Os indígenas ouviram com atenção Weibe Tapeba, secretário da Sesai, e apresentaram suas opiniões a respeito da AgSUS e críticas ao subsistema de saúde indígena. Foto: Than Pataxó/Apib

Sesai: gestão de reconstrução

A prestação de contas do secretário Weibe Tapeba serviu ainda para constatar o enorme passivo gerado pelo governo do ex-presidente Jair Bolsonaro, e como parte da atual gestão da Sesai tem sido de reconstrução e atendimento da “demanda reprimida”. No final de 2022, o governo pretendia cortar 59% do orçamento da Sesai para o ano seguinte. O movimento indígena protestou e o governo de transição manteve o orçamento.
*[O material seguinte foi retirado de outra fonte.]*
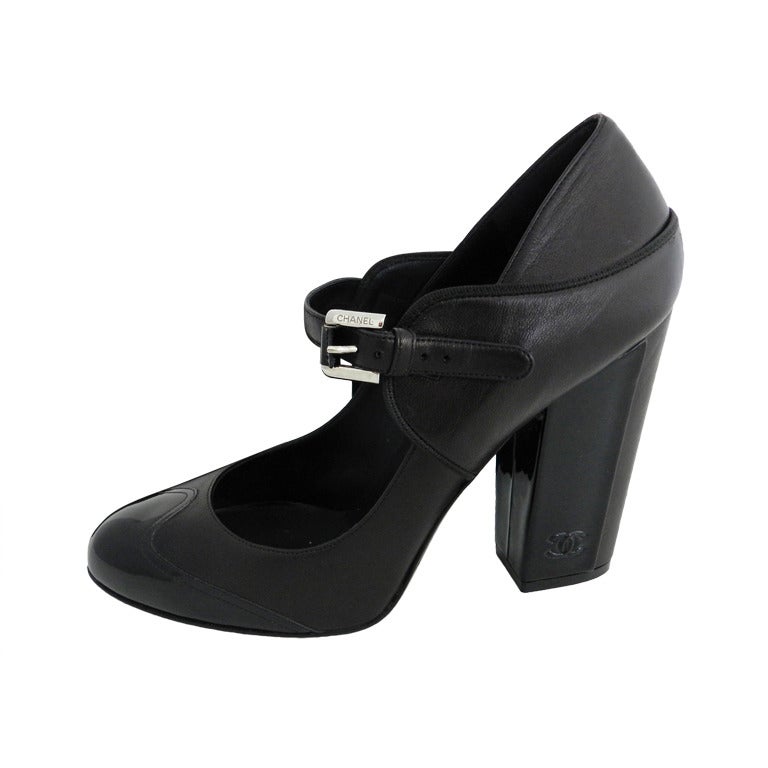 Chanel 08p Black Patent Runway Mary Jane Heels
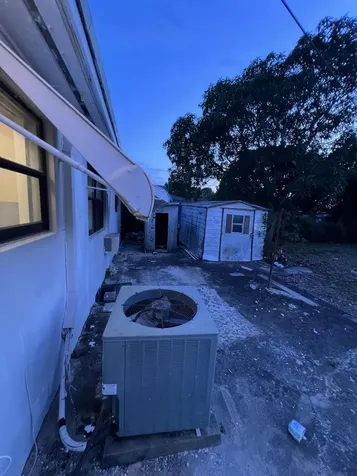 911 S B Street Lake Worth Beach FL 33460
“Nós não só evitamos esse corte como aumentamos em 52% o orçamento da saúde indígena. Estamos crescendo. Reconhecemos que o passivo é gigante. Há demanda reprimida de unidades de saúde, saneamento, equipamentos, apoio aos trabalhadores, mais insumos. Para isso, ampliamos a capacidade de aporte financeiro da Sesai com projetos e linhas de financiamento disponíveis e nunca utilizadas”, disse Weibe Tapeba.

O secretário citou as negociações com o Banco Nacional de Desenvolvimento Econômico e Social (BNDES) e o Fundo Amazônia para financiar a saúde indígena em até R$ 300 milhões. Com o Proad SUS, a Sesai conseguiu R$ 30 milhões para, entre outras atividades, financiar a realização de exames preventivos para mulheres e adolescentes indígenas, tendo como foco o combate ao câncer de útero.

Se até 2022 o número de profissionais do Mais Médicos caiu para menos de 150, em 2023 a Sesai registrou 562 médicos do programa atuando em terras indígenas. Além disso, Piaui e Rio Grande do Norte passarão, neste ano, a ter a cobertura do Subsistema de saúde Indígena de forma inédita. O Fundo de Integração do Mercosul irá apoiar com recursos o trabalho do subsistema nas terras indígenas em região de fronteira.

Já o Programa de Aceleração do Crescimento (PAC) destinará, também de forma inédita, recursos para a saúde indígena na ordem dos R$ 132 milhões para resolver um dos principais passivos da Sesai: o saneamento básico. “Cerca de 20% de todos os territórios indígenas têm acesso à água potável. Temos um grupo discutindo como ampliar o serviço e se continuar no atual ritmo, nem em 50 anos conseguimos resolver o passivo”, disse o Tapeba.